## Information:

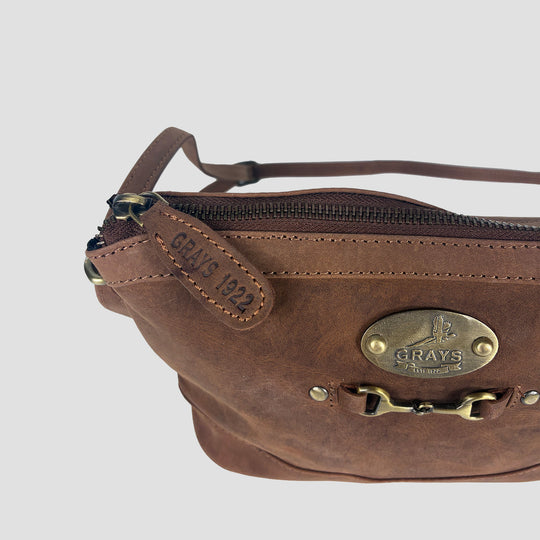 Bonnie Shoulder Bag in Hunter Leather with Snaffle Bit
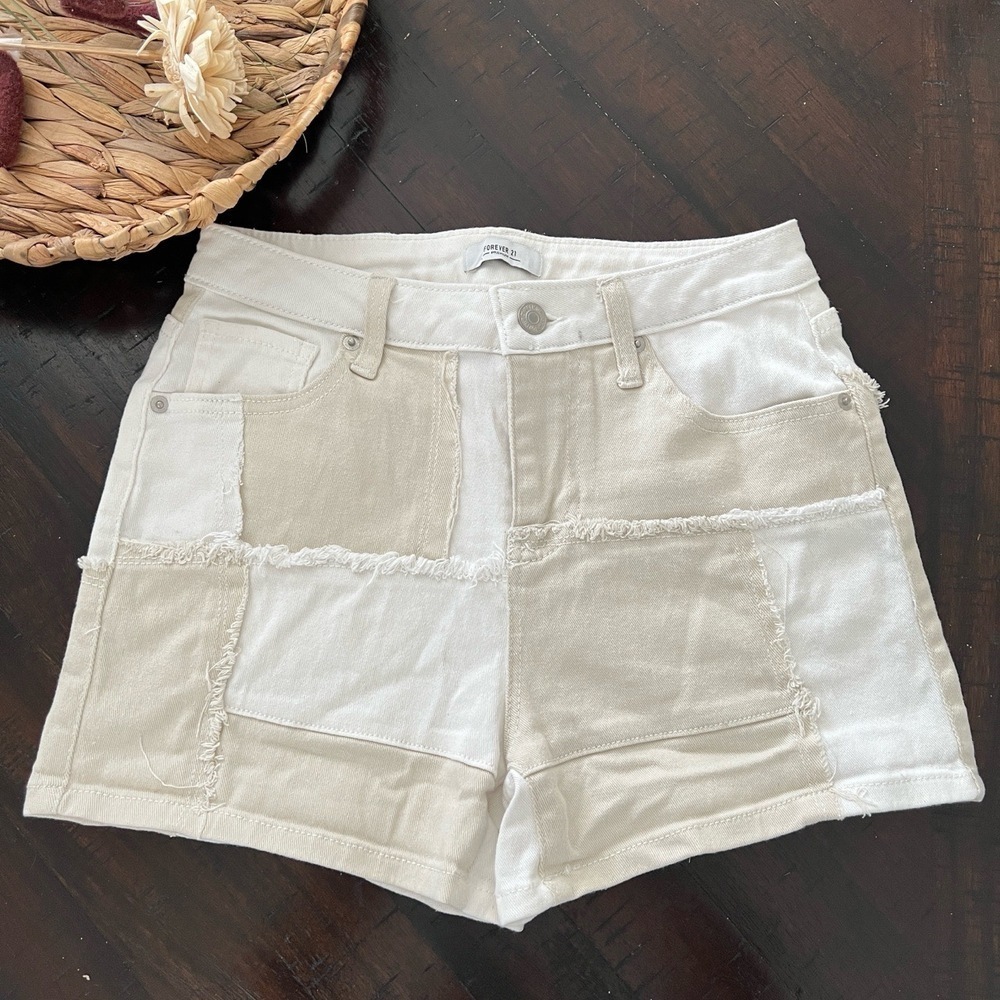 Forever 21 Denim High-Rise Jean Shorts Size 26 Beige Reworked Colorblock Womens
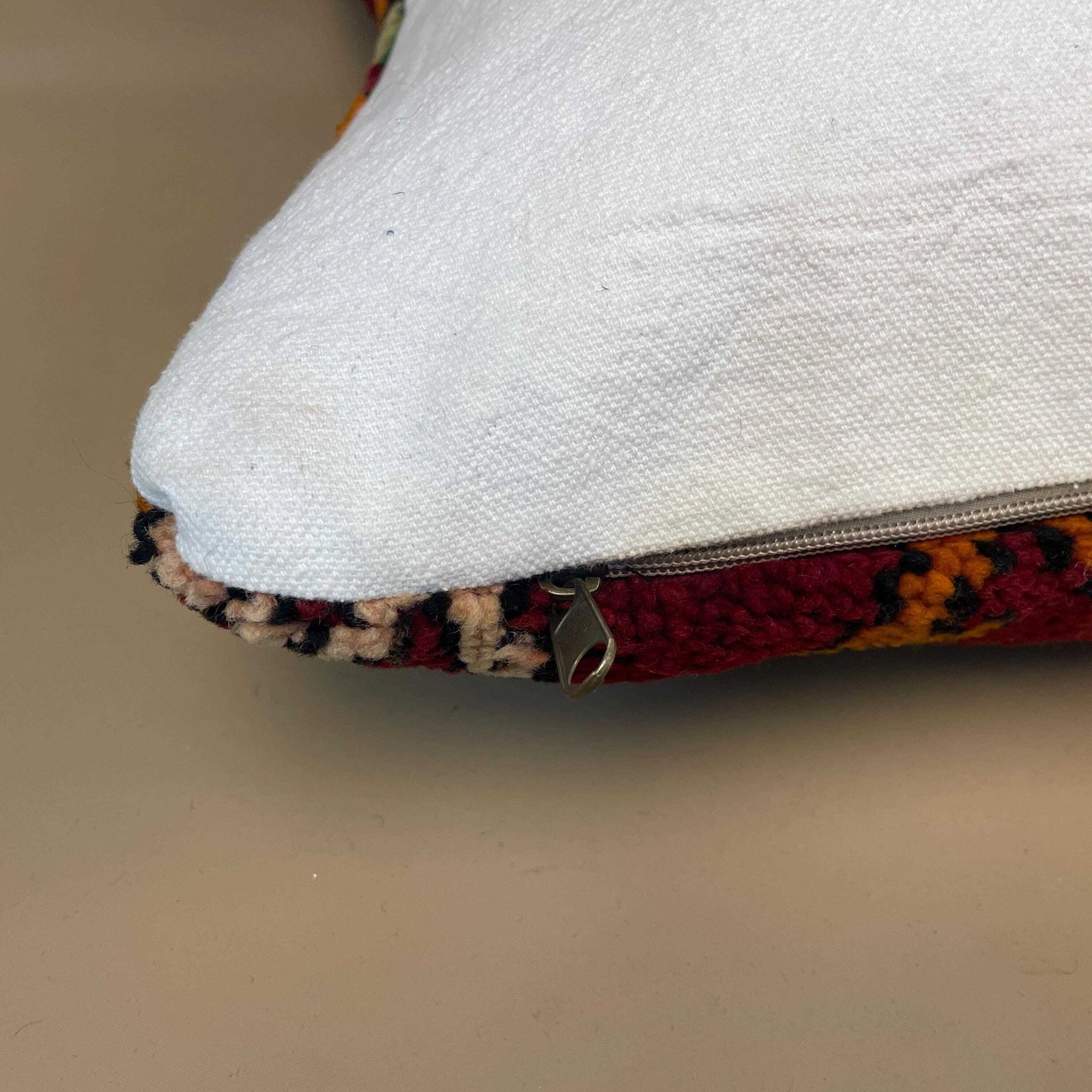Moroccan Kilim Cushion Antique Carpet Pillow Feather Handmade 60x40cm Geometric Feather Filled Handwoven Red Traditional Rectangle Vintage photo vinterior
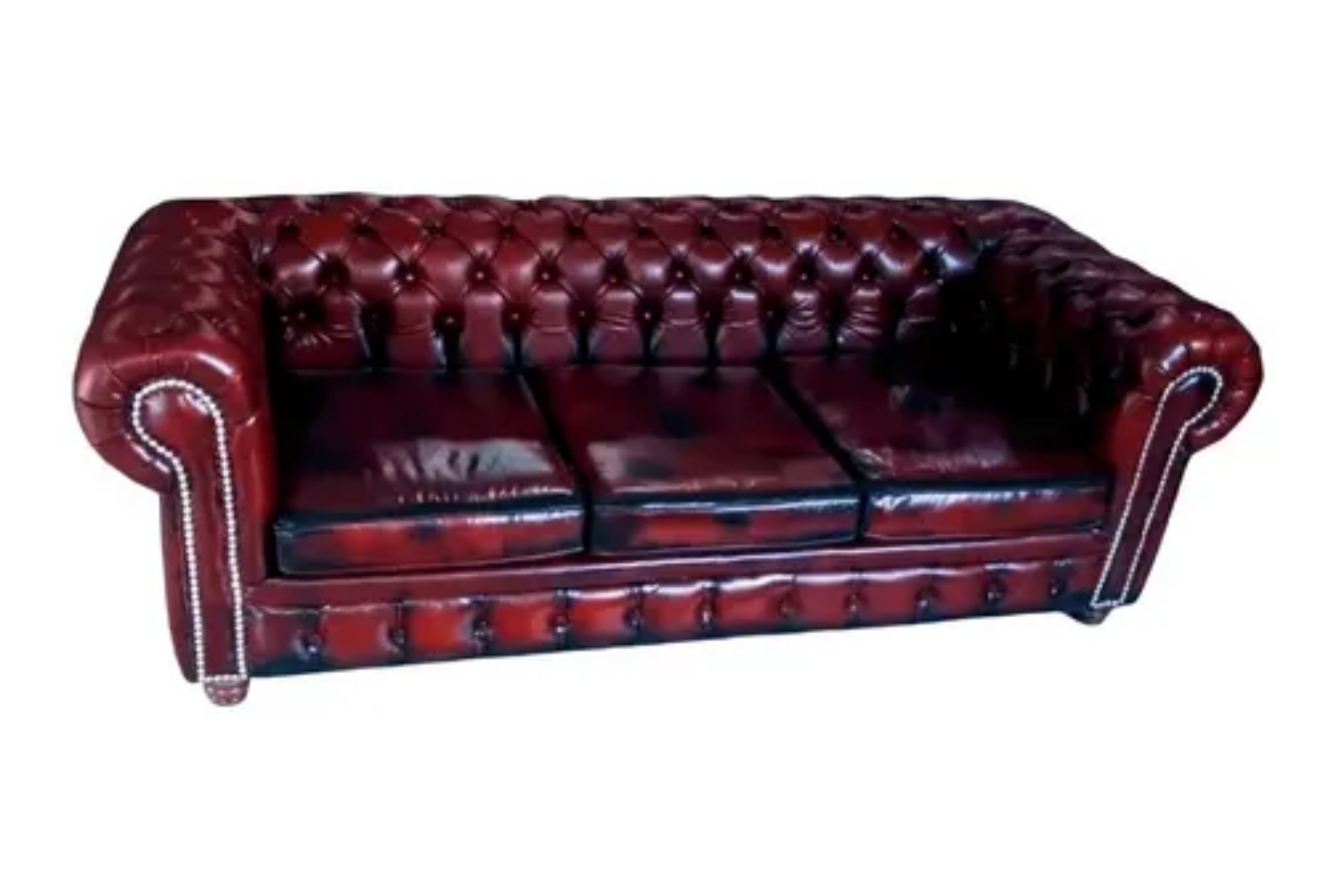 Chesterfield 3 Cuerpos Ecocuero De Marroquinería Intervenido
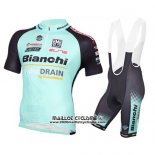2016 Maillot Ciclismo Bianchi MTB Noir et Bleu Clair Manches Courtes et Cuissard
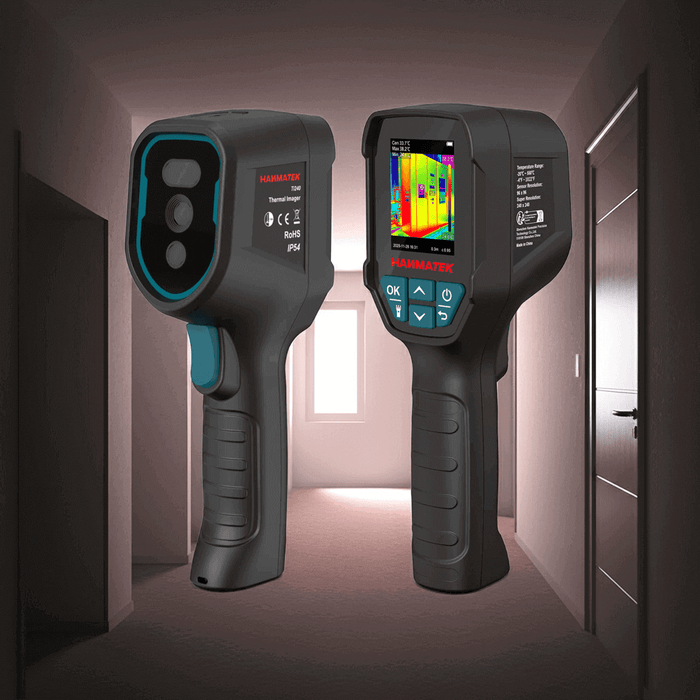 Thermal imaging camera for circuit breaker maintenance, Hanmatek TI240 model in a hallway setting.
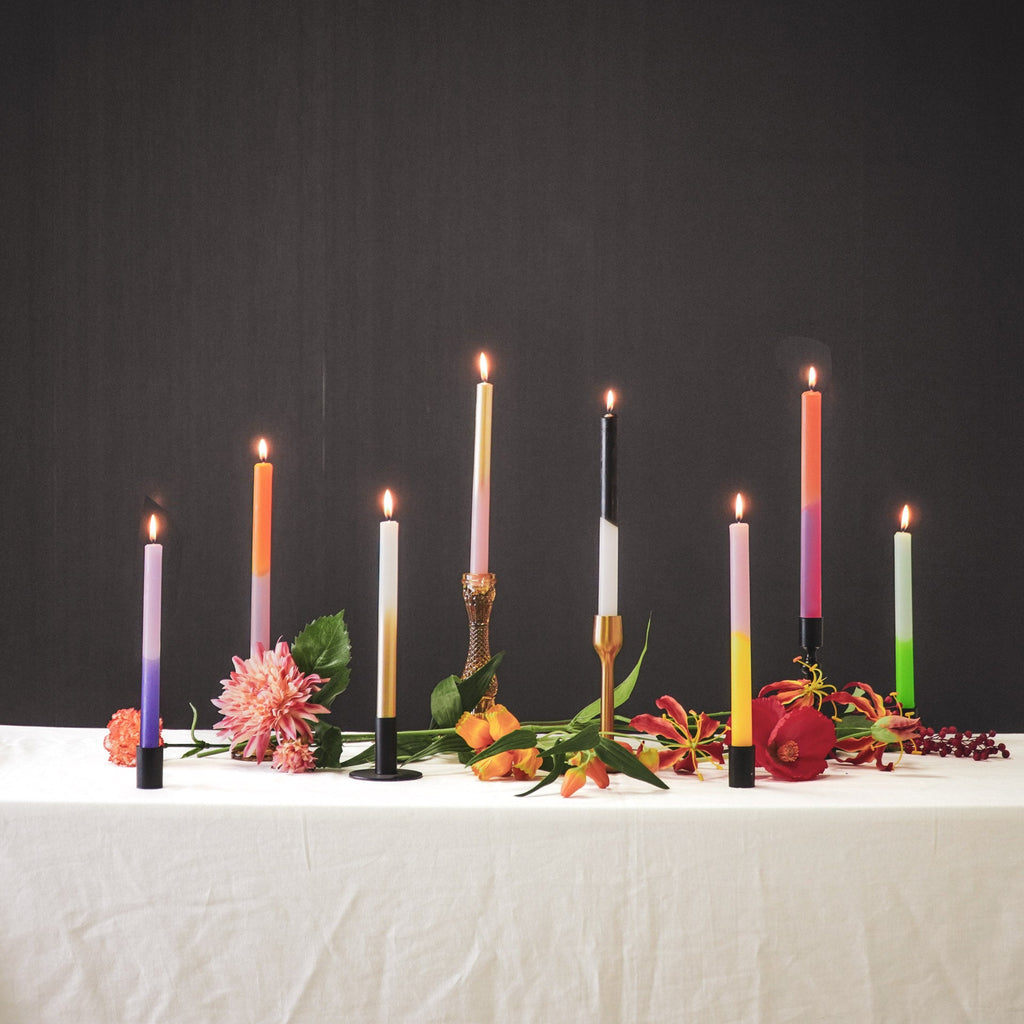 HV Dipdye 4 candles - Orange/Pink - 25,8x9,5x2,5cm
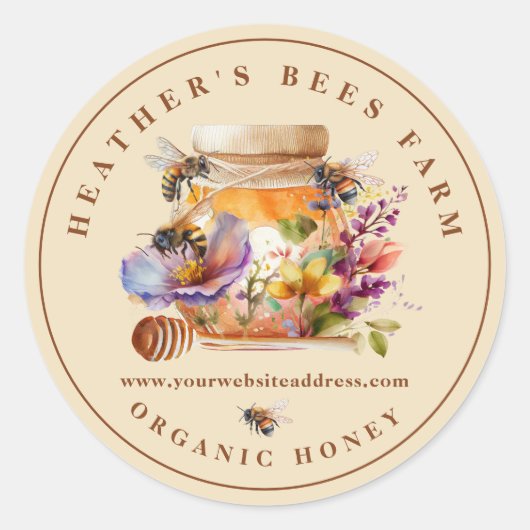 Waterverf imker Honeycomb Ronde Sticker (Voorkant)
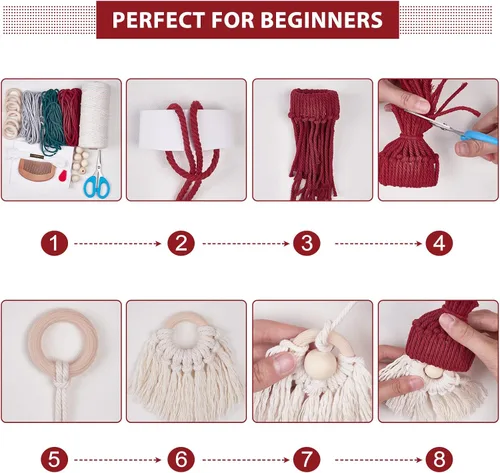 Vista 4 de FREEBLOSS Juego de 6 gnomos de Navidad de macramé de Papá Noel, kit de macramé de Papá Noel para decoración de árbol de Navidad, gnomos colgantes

## Work required:
Reproduce every record verbatim, please. Omit the images.

## Expected answer:
 Bonnie Shoulder Bag in Hunter Leather with Snaffle Bit
 Forever 21 Denim High-Rise Jean Shorts Size 26 Beige Reworked Colorblock Womens
Moroccan Kilim Cushion Antique Carpet Pillow Feather Handmade 60x40cm Geometric Feather Filled Handwoven Red Traditional Rectangle Vintage photo vinterior
 Chesterfield 3 Cuerpos Ecocuero De Marroquinería Intervenido
2016 Maillot Ciclismo Bianchi MTB Noir et Bleu Clair Manches Courtes et Cuissard
 Thermal imaging camera for circuit breaker maintenance, Hanmatek TI240 model in a hallway setting.
 HV Dipdye 4 candles - Orange/Pink - 25,8x9,5x2,5cm
 Waterverf imker Honeycomb Ronde Sticker (Voorkant)
 Vista 4 de FREEBLOSS Juego de 6 gnomos de Navidad de macramé de Papá Noel, kit de macramé de Papá Noel para decoración de árbol de Navidad, gnomos colgantes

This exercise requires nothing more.